Aspetti fallimentari
Coerentemente con l’orientamento della estinzione solo formale, sembrava in passato che anche a seguito della cancellazione, la sopravvenienza di passività potesse ingenerare in ogni tempo il fallimento della società. Tale orientamento è tuttavia da ritenersi superato a seguito sia della sentenza n. 319 del 21 luglio 2000 della Corte Costituzionale, sia, e diremmo soprattutto, a seguito dei novellati art. 10 e 147 della legge fallimentare, i quali, escludono la fallibilità degli enti collettivi e dei relativi soci decorso un anno dalla cancellazione della società dal registro delle imprese. Il fallimento può infatti essere dichiarato se l’insolvenza si è manifestata anteriormente alla cancellazione medesima o entro l’anno successivo (art. 10, comma 1). Decorso un anno dall’anzidetta cancellazione la società non potrà più essere dichiarata fallita (Cassazione 3 maggio 2012 n. 6692).
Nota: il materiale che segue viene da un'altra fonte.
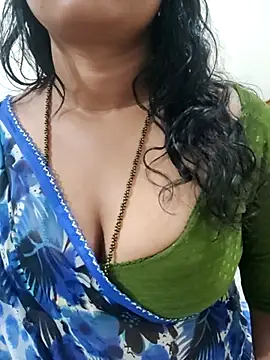 Ramya 456 online show from 06-18-26, 08:46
L’art. 10, comma 2, consente ai creditori o al pubblico ministero di produrre prova contraria nel caso di cancellazione d’ufficio.
L’art. 147 della legge fallimentare, prevede inoltre che il fallimento della società di persone commerciale produca anche quello dei singoli soci illimitatamente responsabili, a prescindere dallo stato di solvibilità o insolvibilità dello stesso.
Tuttavia la dichiarazione di fallimento dei soci è possibile solo se l’insolvenza della società attiene, in tutto o in parte, a debiti esistenti alla data di scioglimento del rapporto sociale o dalla cessazione della responsabilità illimitata (art. 147, comma 2). Sarebbe infatti ingiusto estendere il fallimento ai soci ai quali non è imputabile il compimento degli atti che hanno determinato l’insolvenza.